The Saudi Game in Syria is over. Assad Is the Winner
Saudi Arabia has finally thrown in the towel in Syria after six years of a failed civil insurgency.
Saudi Foreign Minister Adel al-Jubeir put this card on the table in Riyadh on Wednesday, Aug. 9 before an invited Syrian National Coalition for Opposition delegation chaired by Riad Seif.
He leveled with the Syrian rebel leaders, who had fought the Assad regime for six years, informing them that the kingdom had reached the end of the road in the Syrian civil war. At that encounter, Saudi Arabia implied that the Syrian ruler, Bashar Assad had won and predicted he would remain in power for many years, although this was later officially denied as “inaccurate.”
He also informed his Syrian visitors that they had not much choice but to stop fighting and end their war on the Assad regime, now that Saudi Arabia, Turkey and Qatar had withdrawn their support from the various rebel groups, and both Ankara and Doha had established direct ties with Assad.
DEBKA Weekly’s sources has found that the only groups ready to carry on the war are the Islamic State and the Al-Qaeda-linked Nusra Front, which between them hold parts of Idlib in the north and Deir ez-Zour in the east, as well as the Syrian Democratic Front, which is dominated by Syrian Kurds who control more than one-fifth of Syrian territory.
The other rebel militias, even those that control territory, are no longer fit for combat, because: –
1. Their numbers are diminished too far for them to take on serious fighting.
2. They are dwarfed by the formidable array of Assad’s army, imported pro-Iranian Shiite militias and Hizballah.
3. Most of their foreign backers have faded.
This disastrous situation owes much to President Donald Trump’s decision in May to concentrate American military assets in Syria solely on efforts to destroy the Islamic State terrorists.
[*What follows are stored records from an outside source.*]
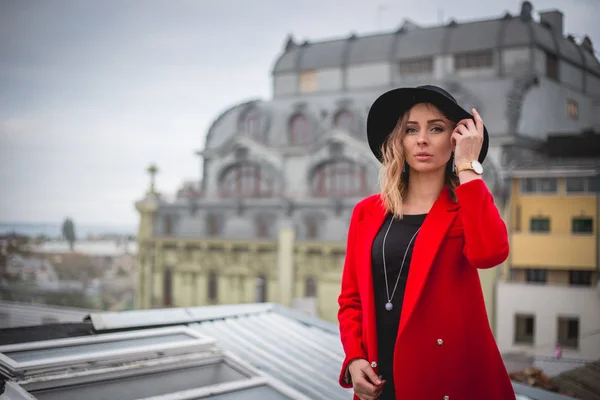 Girl in red and with black hat posing on the roof of old city — Free Stock Photo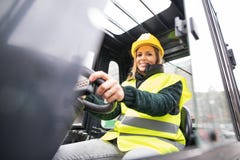 Camionista da empilhadeira da mulher em uma área industrial fotos de stock Camionista da empilhadeira da mulher em uma área industrial fotos de stock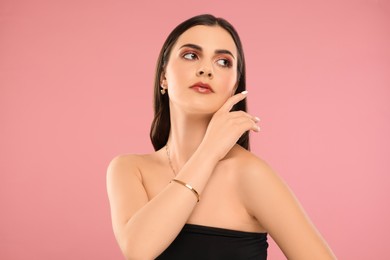 Beautiful woman with elegant jewelry on pink background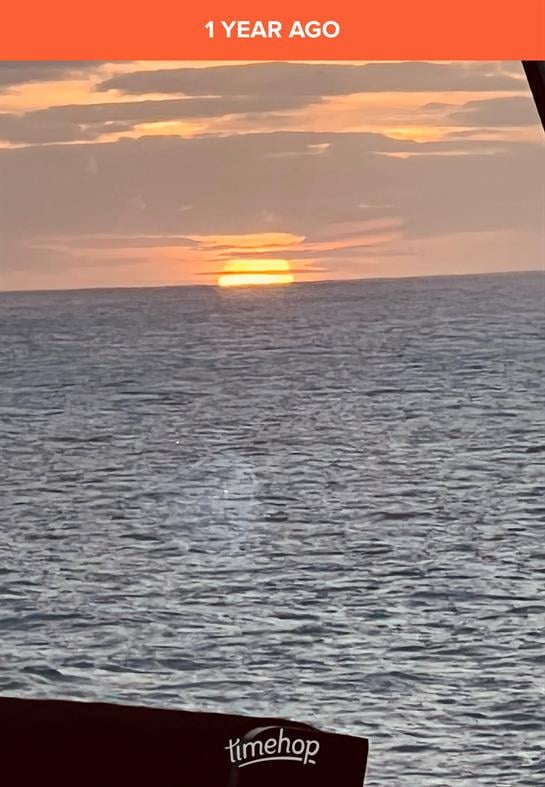 Golden sun setting gently behind the calm ocean, casting warm hues across the sky.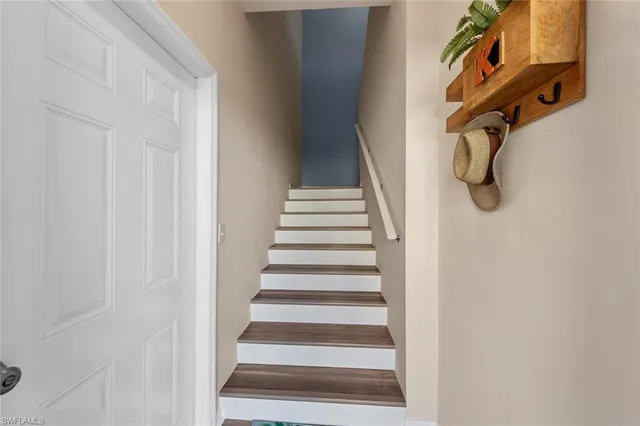 a view of staircase with white walls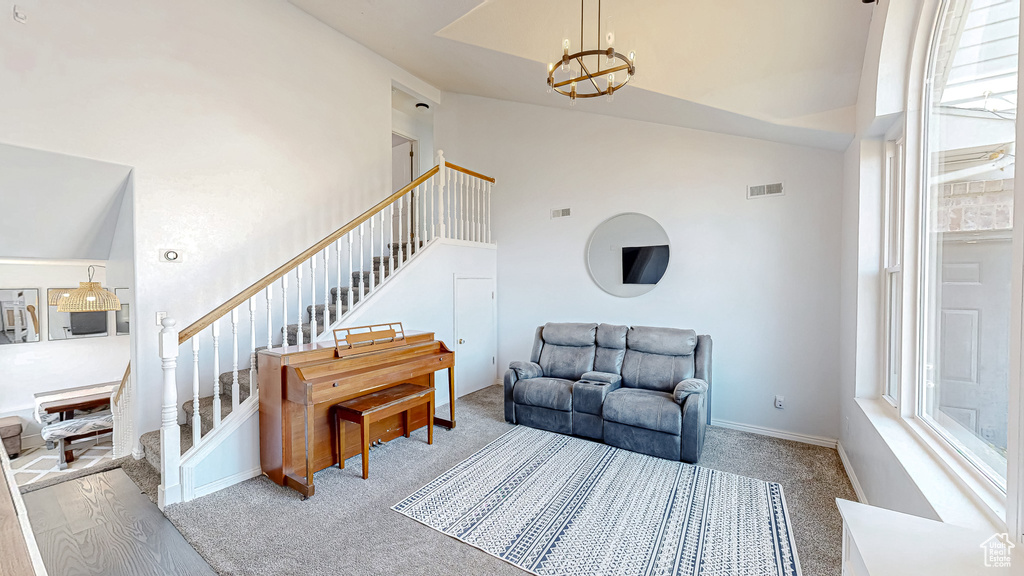 Living area with high vaulted ceiling, visible vents, stairway, a chandelier, and baseboards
He vowed not to be swayed from this course or be dragged into the Syrian war. In no time, the Syrian opposition saw the ground slipping away from under its feet.
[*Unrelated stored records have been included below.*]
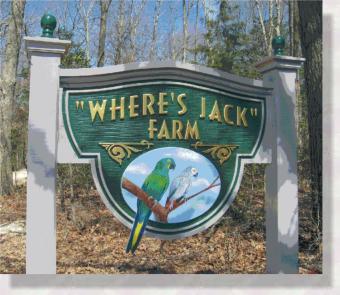 Farm signs carved and hand painted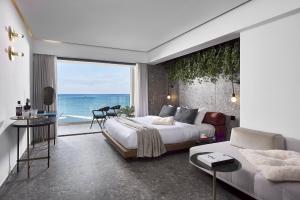Кровать или кровати в номере Dyo Suites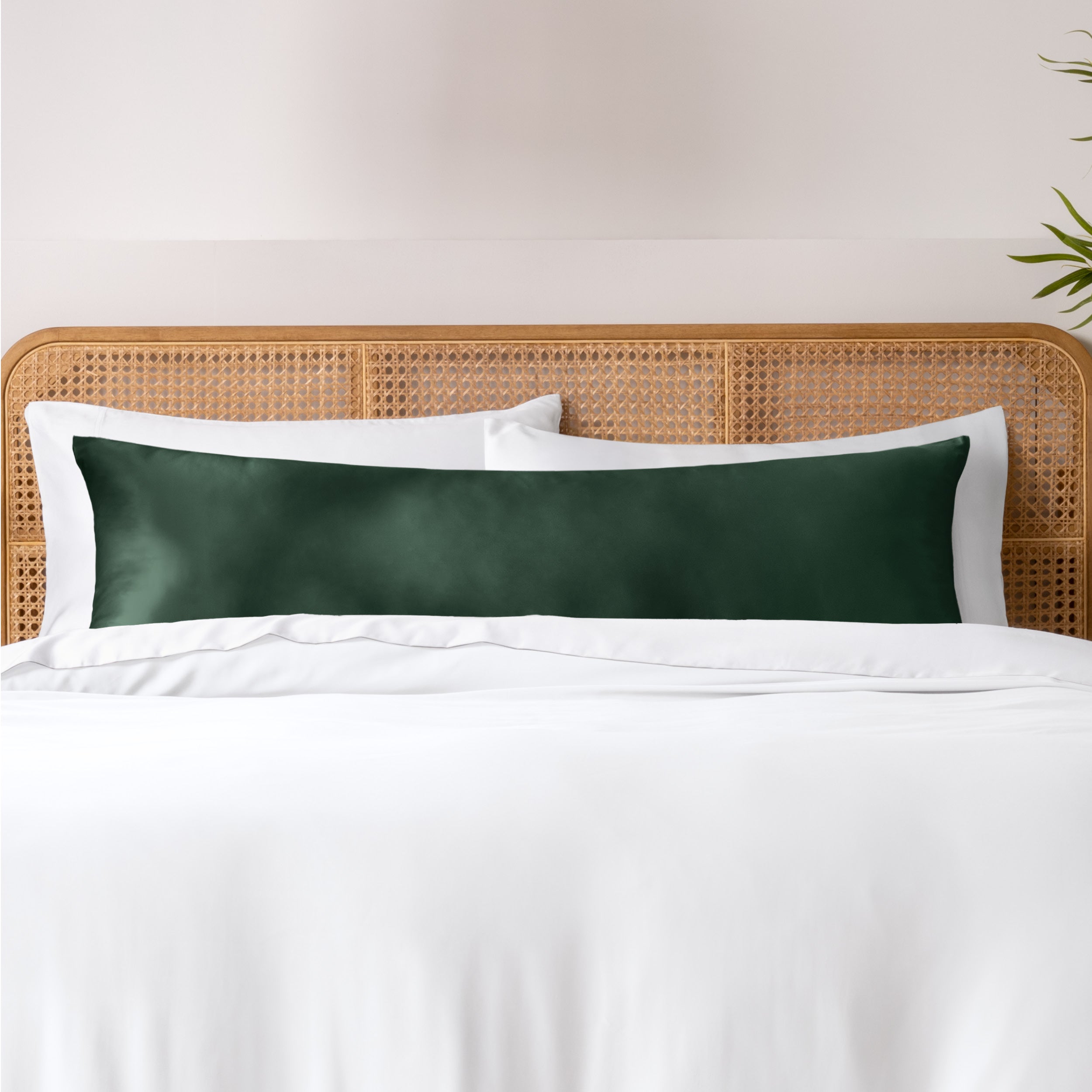 Bamboo body pillowcase on a bed with white bedding and a wicker headboard.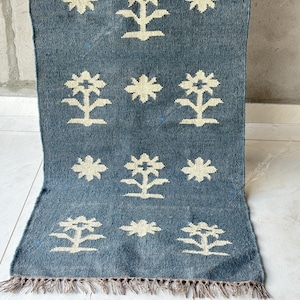 May include: A rectangular, blue rug with a cream-colored floral pattern. The rug has a fringe along the bottom edge. The floral design is repeated across the surface. The rug is made of a woven material.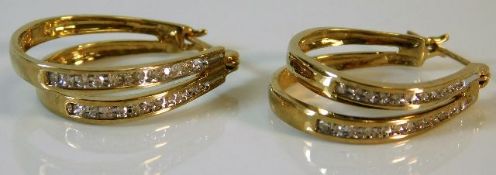 A pair of 9ct gold double hooped diamond set earri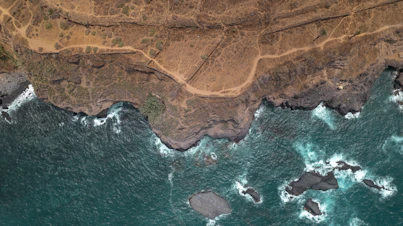 an aerial view of the ocean and land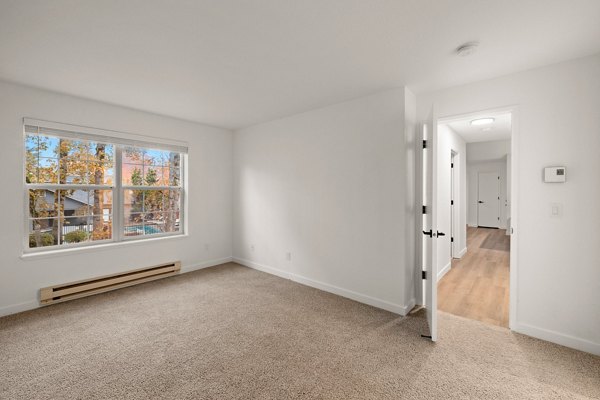 Cozy bedroom with plush bedding and natural lighting at Larkspur Place Apartments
The US president took another step in this direction on July 7 when he sat down with President Vladimir Putin at the G-20 summit in Hamburg. He told the Russian leader that Washington had no interest in Syria other than the war on ISIS, and he had no objection to a gradual winding down of the civil war by means of creating de-escalation zones enforced by Russian troops or their agents.
This deal delivered a mortal blow to the Syrian opposition movement. Israel and Jordan also found their security interests had been jettisoned.
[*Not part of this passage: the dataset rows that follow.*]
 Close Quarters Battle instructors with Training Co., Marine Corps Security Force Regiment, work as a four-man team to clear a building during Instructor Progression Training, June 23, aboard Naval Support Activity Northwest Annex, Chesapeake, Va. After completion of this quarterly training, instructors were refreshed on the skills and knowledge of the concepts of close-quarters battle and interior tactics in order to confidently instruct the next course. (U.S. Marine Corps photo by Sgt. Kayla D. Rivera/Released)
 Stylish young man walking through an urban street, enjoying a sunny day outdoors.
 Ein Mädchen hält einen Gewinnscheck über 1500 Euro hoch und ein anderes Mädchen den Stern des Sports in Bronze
At the same time, with an eye on Syria’s future, the Saudi foreign minister advised the rebel movement to lay down arms and reorganize as an effective political opposition to the Assad regime.
And not by chance, sources in Moscow indicated on Thursday, Aug. 11, that after the de-escalation zones were in place, Putin planned to promote the reshaping of rebel militias into political parties for the future Syrian democracy. This step pointed to Putin’s expanding cooperation with Trump – and possibly Riyadh – in the building of Syria’s post-war future.
But meanwhile, the Saudis have dropped out of the Syrian game and are switching their focus to the Yemen War and the building of ties with certain powerful Iraqi Shiite leaders in order to reinstate its influence in Baghdad.
(DEBKA Weekly 765 of July 30, revealed the visit to Riyadh of the influential Iraqi Shiite cleric, Moqtada Sadr.)
Assad shares his epic victory with the Russian president, who is beginning to harvest the political fruits of his intensified military intervention in the Syrian conflict.
Egyptian President Abdel Fatteh El-Sisi can also congratulate himself as the only Arab ruler to stand by Bashar Assad and therefore choose the winner.